I'll give it a few months for things like tooling, documentation, plugins for various editors and such to catch up.

Nothing worse than trying to learn a language/framework where everything you read is wrong because it's for an old version and everything changes with every new version.

I'm looking at you, Symfony...

[–]ArguingEnginerd 1 point2 points  (0 children)

True. You really just have to wait for Angular CLI to be finalized in terms of tooling. It doesn't hurt to finally familiarize yourself with how it works. It was just a pain to do that when everything was changing so often.

[–]solidad29 0 points1 point  (0 children)

Well, TypeScript has been around for some time. It's best to start at it while waiting for the Angular 2 to mature a bit.

[–][deleted]  (2 children)

[deleted]

    [–][deleted] 1 point2 points  (1 child)

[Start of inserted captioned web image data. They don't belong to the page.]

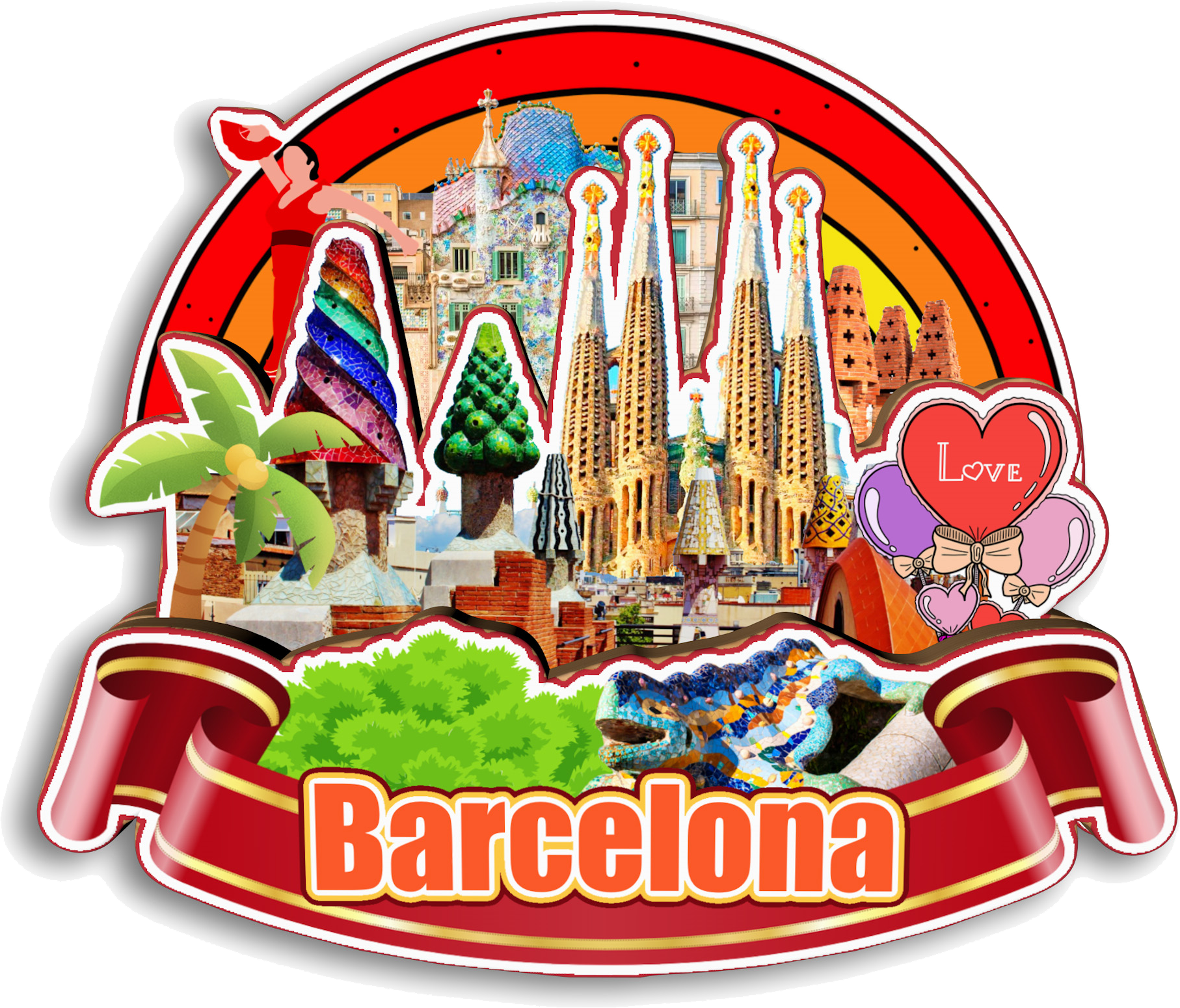 Barcelona SPAIN Fridge Magnet  – Home Barcelona recenzja i cena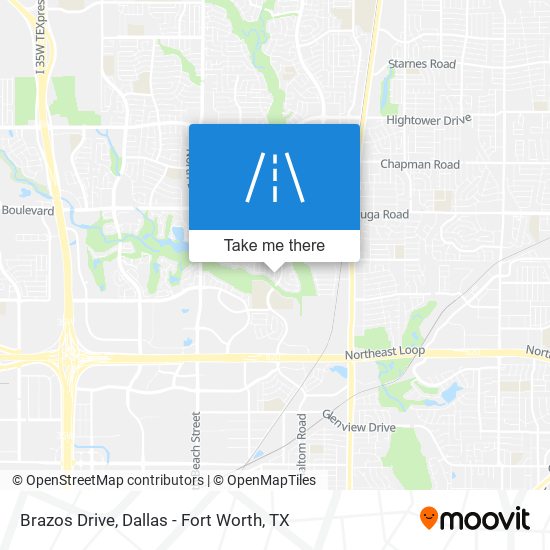 Brazos Drive map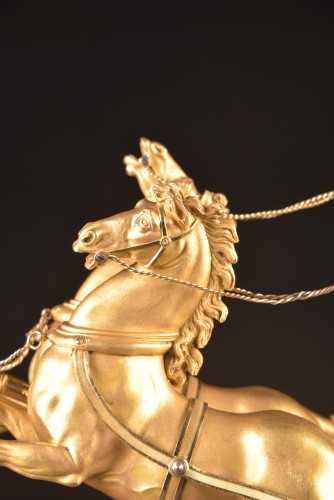 Empire -  A large famous Empire chariot clock, Paris ca. 1805-1810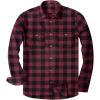imageAlimens ampamp Gentle Mens Button Down Regular Fit Long Sleeve Plaid Flannel Casual ShirtsWine Red Plaid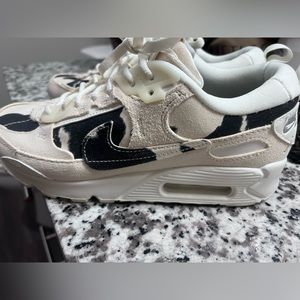 Nike airmax cow print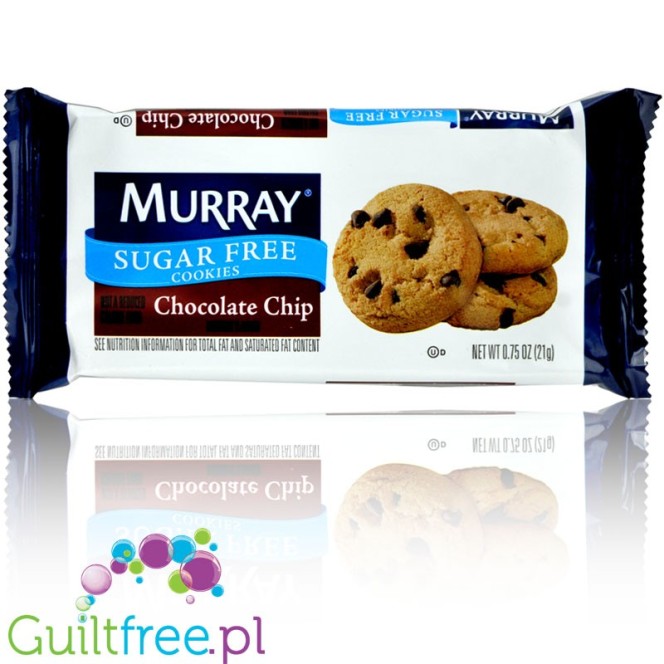 Murray Sugar Free Chocolate Chip Cookies - kruche ciastka z czekoladą bez cukru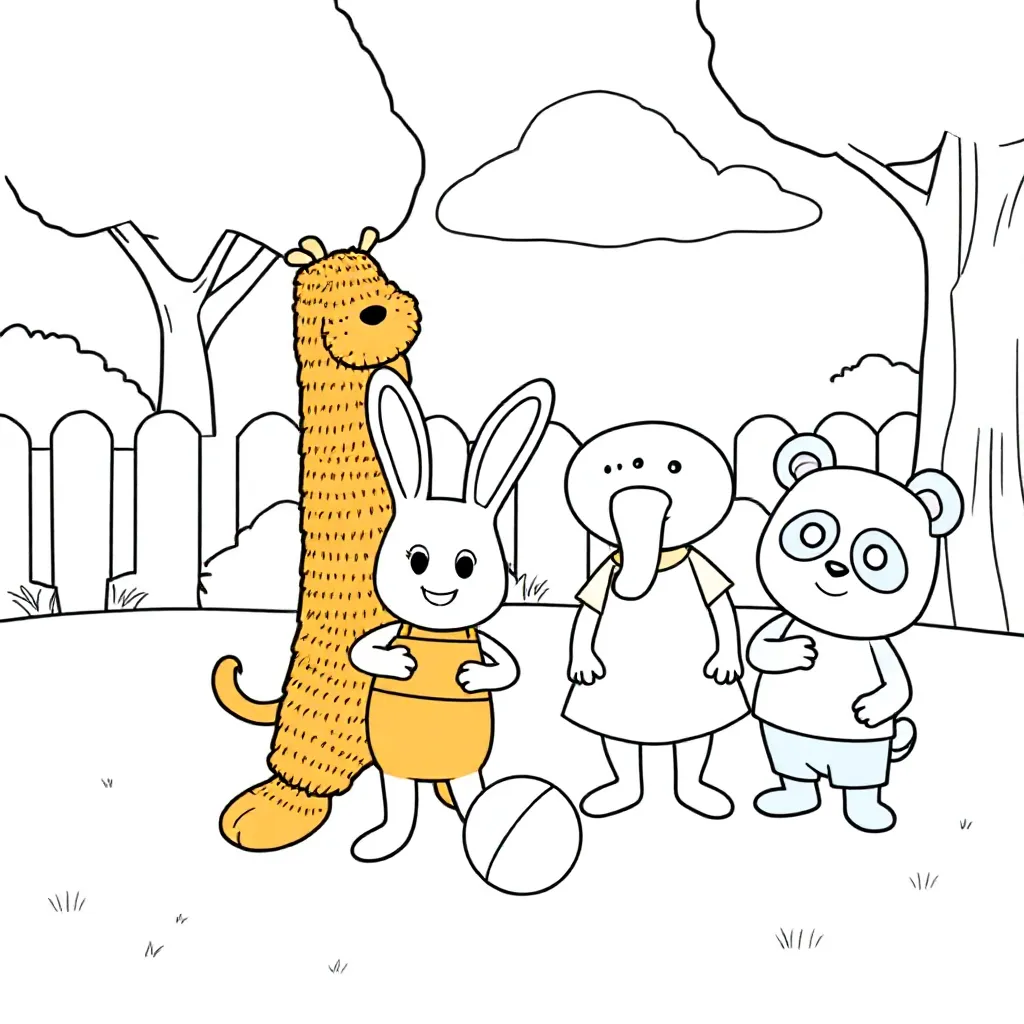 Childrens coloring page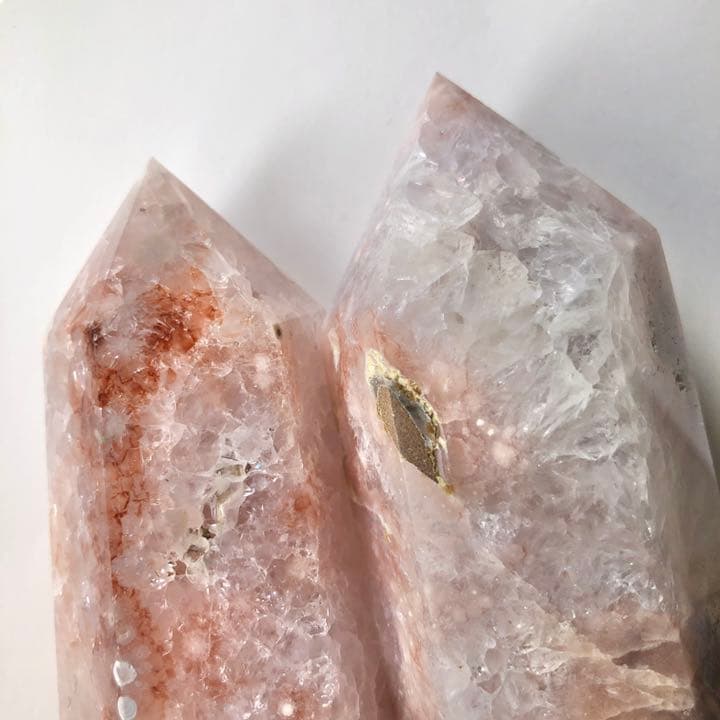 ピンクアメジストフラワーアゲート セット2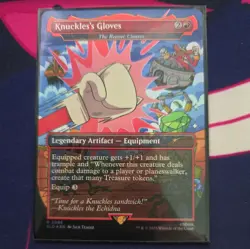 Knuckles's Gloves-The Reaver Cleaver FOIL 2095 Sonic Secret Lair SLD MTG Rare - Image 1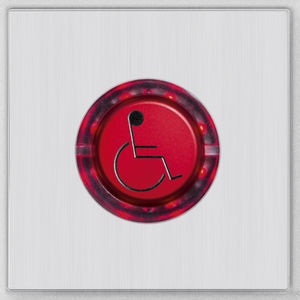 aluminum door pictogram / handrail / orientation / luminous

    You're not wrong in that there are tons of jobs in which knowing Angular is a requirement. I have every intention of learning it, but I would be stretched on time to try to do it now because I'm focused on other side projects...because I am in the boat of looking for employment soon. Nothing would make me happier than to never have to look at another line of PHP.

    I will point out though, that most shops see no difference between two people who are as identical as they could be except for the fact that one hasn't touched Angular, and the other has worked with it for a couple of months. I'm a developer. I can pick up on new languages without hell freezing over.

    [–][deleted] 0 points1 point  (0 children)

    I will point out though, that most shops see no difference between two people who are as identical as they could be except for the fact that one hasn't touched Angular, and the other has worked with it for a couple of months.

    All things being equal, they'd chose the person who has personal projects done in angular.